Para milhões de pessoas, o beijo entre os personagens Félix e Nico, no
final da novela Amor à Vida, da Globo, foi um alívio,
uma esperança e um tapa na cara dos fundamentalistas e conservadores em geral.
Circularam muitos relatos na Internet sobre pais que se reconciliaram com os
filhos, preconceitos quebrados e pessoas de alma lavada.

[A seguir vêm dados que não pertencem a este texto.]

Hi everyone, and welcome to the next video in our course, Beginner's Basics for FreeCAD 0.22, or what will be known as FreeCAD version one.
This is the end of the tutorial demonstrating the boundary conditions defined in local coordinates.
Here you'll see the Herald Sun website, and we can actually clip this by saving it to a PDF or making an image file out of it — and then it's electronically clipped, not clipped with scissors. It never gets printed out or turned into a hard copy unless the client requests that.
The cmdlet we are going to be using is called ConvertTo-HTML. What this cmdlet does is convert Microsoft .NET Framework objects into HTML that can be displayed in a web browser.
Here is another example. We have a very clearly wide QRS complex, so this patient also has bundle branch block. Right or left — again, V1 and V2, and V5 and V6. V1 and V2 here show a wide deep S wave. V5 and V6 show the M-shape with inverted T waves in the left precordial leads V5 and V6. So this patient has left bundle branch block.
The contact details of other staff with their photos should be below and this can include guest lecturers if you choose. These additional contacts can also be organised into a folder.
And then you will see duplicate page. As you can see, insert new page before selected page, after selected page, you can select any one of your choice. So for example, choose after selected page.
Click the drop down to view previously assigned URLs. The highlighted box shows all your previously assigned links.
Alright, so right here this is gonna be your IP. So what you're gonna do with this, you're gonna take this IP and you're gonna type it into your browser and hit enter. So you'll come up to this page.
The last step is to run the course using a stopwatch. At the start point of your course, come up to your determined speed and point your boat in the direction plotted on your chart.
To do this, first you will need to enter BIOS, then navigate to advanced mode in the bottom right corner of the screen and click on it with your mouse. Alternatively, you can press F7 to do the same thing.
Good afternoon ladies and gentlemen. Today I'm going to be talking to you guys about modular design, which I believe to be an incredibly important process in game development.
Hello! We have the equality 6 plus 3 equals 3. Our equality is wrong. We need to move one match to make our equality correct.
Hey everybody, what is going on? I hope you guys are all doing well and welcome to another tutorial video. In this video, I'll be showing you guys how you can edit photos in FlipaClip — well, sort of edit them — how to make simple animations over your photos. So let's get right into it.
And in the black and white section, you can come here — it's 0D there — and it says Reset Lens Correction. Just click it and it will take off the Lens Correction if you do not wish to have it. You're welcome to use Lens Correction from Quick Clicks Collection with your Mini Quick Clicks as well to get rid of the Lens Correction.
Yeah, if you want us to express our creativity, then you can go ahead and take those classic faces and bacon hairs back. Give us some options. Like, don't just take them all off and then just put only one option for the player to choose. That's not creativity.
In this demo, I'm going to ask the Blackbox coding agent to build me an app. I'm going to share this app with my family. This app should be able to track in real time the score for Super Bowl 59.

Tudo isso representa uma vontade de resistência de um setor importante
da população que sabe o perigo que o país corre com o fundamentalismo
religioso.
Até aí, é uma reação compreensível.
Mas...
Mas acontece que muitos militantes de esquerda, socialista e que batem
no peito pra dizer que são revolucionários passaram os últimos dias
praticamente agradecendo à Globo pela cena do beijo. Ou então, para dizer que a
cena foi uma conquista do ativismo LGBT.
Será que tinham esquecido do papel da Globo como partido da burguesia
brasileira, base de apoio da ditadura e do neoliberalismo, agora tentando
desgastar o governo do PT pra garantir a volta do PSDB ao Planalto?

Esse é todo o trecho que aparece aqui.